# dip stick vacuum ?



## billyg (Dec 30, 2016)

I have a 2011 Cruze Eco manual trans with 190000 miles I have the PCV fix *V2.1 Kit* installed for a long time (2018) 
Had the oil changed at the dealer last week got about 2 blocks from the dealer and experienced a hard brake pedal
the following day received code P0171 reset the code.
I troubleshot the hard break to an intermittent switch. 
Driving home yesterday CEL came back on at a light Code P0171
The diaphragm (PCV) is not leaking however I pulled the oil dip stick and it seems like a lot of vacuum Is this normal (I never pulled the oil dipstick with the engine running
I had a lot of oil spray on the engine I also removed the oil fill cap lots of vacuum reinstalled both and the engine idled better 
could a improperly installed oil cap cause this?
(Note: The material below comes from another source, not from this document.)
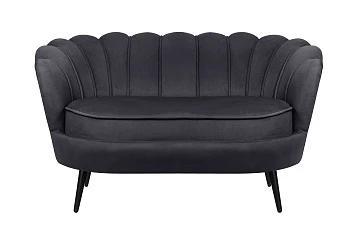 Дизайнерский диван Pearl Double Black на черных ножках в интерьере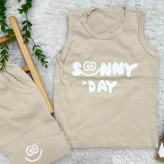 تیشرت و شلوارک پسرانه نخی طرح Sunny Day مناسب 2 تا 4 سال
I have also checked the brake booster tee and it is clean. and I haven't found a obvious vacuum leak
I saw a post that a loose oil cap could cause this code or should I wait and see if it returns? any ideas? 
Thanks


----------



## Thebigzeus (Dec 2, 2018)

Mine sucks in when I first remove the dipstick then stumbles and runs rough until it’s reinserted. 2.1 kit as well. I believe that this is normal behavior.


----------



## Thebigzeus (Dec 2, 2018)

hwillson said:


> Under typical conditions there's normally pressure inside the crankcase. At an inactive it should be practically unbiased.
> 
> There are not many spots where it very well may be getting a vacuum source from. The most clear is from the PCV since that is a vacuum source to vent abundance weight and fumes once again into the burning chambers. It's not generally sufficiently able to have the option to feel vacuum from the dipstick.
> 
> ...


good bot


----------



## Shroomie (Jan 16, 2017)

Thebigzeus said:


> good bot


what I believe he is saying is that the intake manifold gasket scks and is leaking...


----------



## Thebigzeus (Dec 2, 2018)

Shroomie said:


> what I believe he is saying is that the intake manifold gasket scks and is leaking...


Nope that’s a spam bot. Brand new account that is advertising in signature. Pulls keywords in to act like it knows what it’s talking about.


----------



## Blasirl (Mar 31, 2015)

We will see in the next couple of days. If no response to my message ...


----------